Monday, December 24, 2007

I can hear the firecrackers starting...

Firecrackers are a big Christmas tradition here. I can feel a buzz of excitement around the town, and have already witnessed a couple of interesting little parades. (see photo 3 above!)
Who knew that climing a volcano would be so hard? I joined my group yesterday afternoon, for our all-day trip up. I love these excusions, because you get so many different people thrown together. In our group was - me, a canadian couple Elena & Gary, a funny duo of girls from Holland, Berry and Sandra, a hard core surfer girl from Oregon, another couple of Dutch people and an extremely loud man from Texas, his quiet as a mouse wife and a couple of pre-teen daughters. We got to know eachother in the van - where have you been, what do you do... Surfer girl was talking and the Texan would intercept with "HOW LONG WERE YEW IN MEXICO?" "AH LIKE PUERTA VA-LLARTA MAHSELF!!". I was throwing mental text messages to my seat mates and I think they were getting them. Holy Jesus is that man loud.

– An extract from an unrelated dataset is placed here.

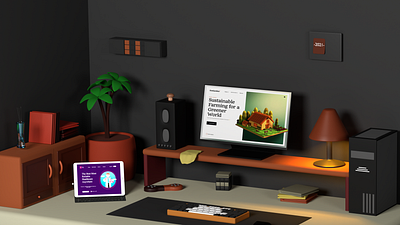 Workbench Maximization Strategy 3d 3danimasi 3dblender 3dillustrations 3dmaya 3dmodeling animation branding graphic design logo meja meja kerja mejawork motion graphics pc setuppc setupworinhome ui working workset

We bought walking sticks for less than a dollar from some extremely pushy little boys. They were not going to get out of your face until you bought a stick. 5 or 6 of them would crowd around you and fight for your stick money. And let me tell you that stick was worth its weight in gold. The hill was steep, dusty and we breathed in a dust that consisted of dirt and dried horse poo. I could even taste it in my mouth. About 45 minutes later we were at the top, and the views were gorgeous - mistly mountains with steam coming out of the volcanic cracks. We started on the black, crunchy lava. It was almost impossible to walk on. 3-4-6 foot sharp, jagged crunchy black pouorous rocks that had your feet landing at all angles. If not for the stick, I would still be on the volcano. As we neared the top, the rocks got warm, then hot, then my shoes started to stick to the rock. You could see glowing red lava in the cracks of rock. It was a miriacle that I didn´t drop my camera or flashlight in there. As if walking on this during the daylight wasn't hard enough, we had to return in the dark. Thank god for the full moon to shine our way. It was really cool to see the molten lava and feel the heat. I've never been to a volcano, but some people were saying it was much better than Arenal in Costa Rica. I was completely enchanted by the views and the novelty of walking over glowing red stuff that was seeping out of the earth.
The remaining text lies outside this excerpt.